He loved, he forgave. Every day he begged God to forgive his own failings and oversights, and when a woman or a man came to him burdened with a mistake, however serious, he received that soul and showed her or him the way to forgiveness, solace, dialogue with God, and the Most Gentle’s protection. He covered other people’s mistakes from the sight of others, while teaching everyone the need for personal rigor and discipline.

Positiveness

When laziness moved anyone to ask him for minimal practice, he always answered positively and invited them to use their intelligence and their qualities to understand, improve, and free themselves from their own contradictions while accepting their own fragility. He taught responsibility without guilt and adherence to ethics as the conditions for freedom.

Justice is a condition for peace, and the Prophet kept insisting that one cannot experience the taste of equity if one is unable to respect the dignity of individuals. He set slaves free and recommended that Muslims pledge to do so constantly: the faith community of believers had to be a community of free beings.

nature-love

Belonging to God, he was nobody’s possession; he simply offered his love to all.

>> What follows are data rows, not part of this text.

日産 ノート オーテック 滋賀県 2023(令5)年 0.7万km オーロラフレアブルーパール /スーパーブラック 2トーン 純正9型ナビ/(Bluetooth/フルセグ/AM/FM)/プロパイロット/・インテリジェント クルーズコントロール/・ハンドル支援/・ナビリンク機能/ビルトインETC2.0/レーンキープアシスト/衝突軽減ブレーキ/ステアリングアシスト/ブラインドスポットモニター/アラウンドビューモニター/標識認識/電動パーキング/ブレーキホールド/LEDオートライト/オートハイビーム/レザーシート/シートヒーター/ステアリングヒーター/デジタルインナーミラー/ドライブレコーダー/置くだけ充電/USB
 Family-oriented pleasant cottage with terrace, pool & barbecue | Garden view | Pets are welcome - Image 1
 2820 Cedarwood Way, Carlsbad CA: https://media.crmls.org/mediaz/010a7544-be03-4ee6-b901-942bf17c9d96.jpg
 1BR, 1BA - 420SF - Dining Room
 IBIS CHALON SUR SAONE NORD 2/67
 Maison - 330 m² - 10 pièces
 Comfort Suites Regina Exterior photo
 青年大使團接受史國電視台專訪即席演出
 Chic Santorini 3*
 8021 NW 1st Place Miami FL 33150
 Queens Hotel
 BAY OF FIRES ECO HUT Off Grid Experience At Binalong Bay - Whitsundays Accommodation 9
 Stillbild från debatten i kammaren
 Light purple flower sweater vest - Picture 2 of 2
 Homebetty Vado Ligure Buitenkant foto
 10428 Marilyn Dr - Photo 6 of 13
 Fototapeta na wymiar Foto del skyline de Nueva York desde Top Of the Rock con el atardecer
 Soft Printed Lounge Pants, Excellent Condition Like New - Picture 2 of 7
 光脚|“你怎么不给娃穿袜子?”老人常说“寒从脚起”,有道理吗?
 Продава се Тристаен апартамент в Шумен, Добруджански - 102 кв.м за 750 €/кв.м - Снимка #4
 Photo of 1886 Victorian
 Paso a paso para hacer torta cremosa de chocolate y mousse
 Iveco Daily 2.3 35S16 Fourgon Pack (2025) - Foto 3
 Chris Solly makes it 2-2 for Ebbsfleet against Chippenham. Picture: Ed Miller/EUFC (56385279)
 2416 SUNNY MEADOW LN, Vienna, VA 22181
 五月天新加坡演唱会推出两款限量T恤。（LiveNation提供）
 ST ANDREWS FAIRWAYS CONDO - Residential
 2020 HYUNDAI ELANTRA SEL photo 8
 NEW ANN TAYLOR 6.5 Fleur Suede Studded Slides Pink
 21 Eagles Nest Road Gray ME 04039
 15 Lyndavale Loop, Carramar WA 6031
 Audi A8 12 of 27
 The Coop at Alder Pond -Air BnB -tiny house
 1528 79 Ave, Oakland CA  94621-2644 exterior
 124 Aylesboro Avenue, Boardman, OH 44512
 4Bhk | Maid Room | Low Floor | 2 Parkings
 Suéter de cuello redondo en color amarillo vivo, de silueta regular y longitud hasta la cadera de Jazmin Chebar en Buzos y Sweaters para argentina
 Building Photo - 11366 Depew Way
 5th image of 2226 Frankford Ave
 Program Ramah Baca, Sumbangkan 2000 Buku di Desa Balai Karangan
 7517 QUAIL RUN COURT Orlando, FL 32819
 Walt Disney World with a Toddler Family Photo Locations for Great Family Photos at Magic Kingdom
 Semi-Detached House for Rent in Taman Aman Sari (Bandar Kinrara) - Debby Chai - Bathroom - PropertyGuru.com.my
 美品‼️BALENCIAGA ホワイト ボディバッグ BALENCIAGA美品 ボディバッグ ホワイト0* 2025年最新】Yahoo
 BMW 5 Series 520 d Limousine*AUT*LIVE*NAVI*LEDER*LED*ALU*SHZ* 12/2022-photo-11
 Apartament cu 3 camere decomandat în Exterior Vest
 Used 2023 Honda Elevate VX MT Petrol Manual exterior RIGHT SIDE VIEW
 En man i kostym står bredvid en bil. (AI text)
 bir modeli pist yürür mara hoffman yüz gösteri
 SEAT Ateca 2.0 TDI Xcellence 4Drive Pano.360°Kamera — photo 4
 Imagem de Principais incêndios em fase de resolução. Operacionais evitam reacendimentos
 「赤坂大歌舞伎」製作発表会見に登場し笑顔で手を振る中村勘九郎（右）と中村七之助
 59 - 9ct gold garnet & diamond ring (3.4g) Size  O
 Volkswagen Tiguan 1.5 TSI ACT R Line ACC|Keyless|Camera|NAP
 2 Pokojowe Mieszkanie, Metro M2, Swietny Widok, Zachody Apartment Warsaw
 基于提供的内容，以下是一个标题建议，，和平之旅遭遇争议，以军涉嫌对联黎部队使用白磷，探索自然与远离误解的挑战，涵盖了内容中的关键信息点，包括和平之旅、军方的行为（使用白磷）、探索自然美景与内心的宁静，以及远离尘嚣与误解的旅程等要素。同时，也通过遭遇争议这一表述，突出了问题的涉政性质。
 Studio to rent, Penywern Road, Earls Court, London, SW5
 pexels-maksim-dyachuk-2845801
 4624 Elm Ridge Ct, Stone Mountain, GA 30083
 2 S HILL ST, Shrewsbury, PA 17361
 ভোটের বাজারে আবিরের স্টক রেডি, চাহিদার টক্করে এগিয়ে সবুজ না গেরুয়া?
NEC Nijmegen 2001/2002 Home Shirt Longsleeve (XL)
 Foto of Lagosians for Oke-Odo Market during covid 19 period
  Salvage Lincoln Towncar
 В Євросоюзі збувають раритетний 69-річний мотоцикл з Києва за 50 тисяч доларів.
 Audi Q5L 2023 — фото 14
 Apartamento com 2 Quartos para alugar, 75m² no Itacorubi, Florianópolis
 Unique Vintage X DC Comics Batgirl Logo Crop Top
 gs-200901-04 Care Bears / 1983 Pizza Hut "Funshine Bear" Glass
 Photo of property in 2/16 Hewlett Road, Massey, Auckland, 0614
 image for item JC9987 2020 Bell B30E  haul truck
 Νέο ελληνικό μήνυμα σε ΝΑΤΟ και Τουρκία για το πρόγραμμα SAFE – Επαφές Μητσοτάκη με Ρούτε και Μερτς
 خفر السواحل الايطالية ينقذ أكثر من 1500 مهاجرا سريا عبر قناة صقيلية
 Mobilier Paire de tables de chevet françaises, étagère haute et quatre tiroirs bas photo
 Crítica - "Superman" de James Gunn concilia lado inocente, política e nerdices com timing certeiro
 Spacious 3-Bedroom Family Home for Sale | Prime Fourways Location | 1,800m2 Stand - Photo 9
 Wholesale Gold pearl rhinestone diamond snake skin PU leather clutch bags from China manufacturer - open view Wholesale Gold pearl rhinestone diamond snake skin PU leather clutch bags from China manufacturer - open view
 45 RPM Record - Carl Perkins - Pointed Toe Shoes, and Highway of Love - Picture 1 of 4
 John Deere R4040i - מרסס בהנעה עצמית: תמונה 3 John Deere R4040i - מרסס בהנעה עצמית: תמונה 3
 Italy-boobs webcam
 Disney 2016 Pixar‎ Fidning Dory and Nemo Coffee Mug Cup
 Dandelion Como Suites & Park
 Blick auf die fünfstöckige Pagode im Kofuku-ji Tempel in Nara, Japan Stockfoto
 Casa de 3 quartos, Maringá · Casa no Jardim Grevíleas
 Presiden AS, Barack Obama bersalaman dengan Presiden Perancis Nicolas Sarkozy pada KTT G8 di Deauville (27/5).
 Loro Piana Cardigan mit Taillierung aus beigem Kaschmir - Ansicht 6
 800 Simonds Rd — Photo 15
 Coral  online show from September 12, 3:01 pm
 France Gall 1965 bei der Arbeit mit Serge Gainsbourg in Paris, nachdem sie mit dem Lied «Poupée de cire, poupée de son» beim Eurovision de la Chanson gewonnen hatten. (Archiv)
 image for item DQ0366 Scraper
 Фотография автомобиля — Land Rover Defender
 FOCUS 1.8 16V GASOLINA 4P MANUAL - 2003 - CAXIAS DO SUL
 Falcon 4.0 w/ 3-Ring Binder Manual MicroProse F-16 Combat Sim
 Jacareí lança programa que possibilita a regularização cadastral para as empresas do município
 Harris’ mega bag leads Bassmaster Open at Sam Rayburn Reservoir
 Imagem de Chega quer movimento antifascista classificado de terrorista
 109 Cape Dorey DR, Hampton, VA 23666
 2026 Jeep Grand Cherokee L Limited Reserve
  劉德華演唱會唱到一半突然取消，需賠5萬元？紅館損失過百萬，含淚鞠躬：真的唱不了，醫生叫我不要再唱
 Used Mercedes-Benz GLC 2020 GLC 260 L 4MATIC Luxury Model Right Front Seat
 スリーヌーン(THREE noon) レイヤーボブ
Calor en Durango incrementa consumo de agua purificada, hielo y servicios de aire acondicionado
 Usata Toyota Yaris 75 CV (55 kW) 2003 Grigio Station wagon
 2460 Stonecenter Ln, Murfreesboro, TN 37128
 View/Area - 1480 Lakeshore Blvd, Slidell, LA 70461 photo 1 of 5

Revelation showed him the way’, and, as we have often seen, he never ceased to give particular attention to slaves, the poor, and the lowly in society. He invited them to assert their dignity, to demand their rights. and to get rid of any feeling of inferiority; the message was a call for religious, social, and political liberation.

At the close of his mission, in the plain lying at the foot of the Mount of Mercy (Jabal Ar-Rahmah), men and women of all races, cultures, and colors, rich and poor, were present and listened to this message, which stressed that the best among people are so through their hearts, which are determined neither by class nor by color or culture.

“The best among you is the best toward people,” he had once said. (At-Tirmidhi and Abu Dawud)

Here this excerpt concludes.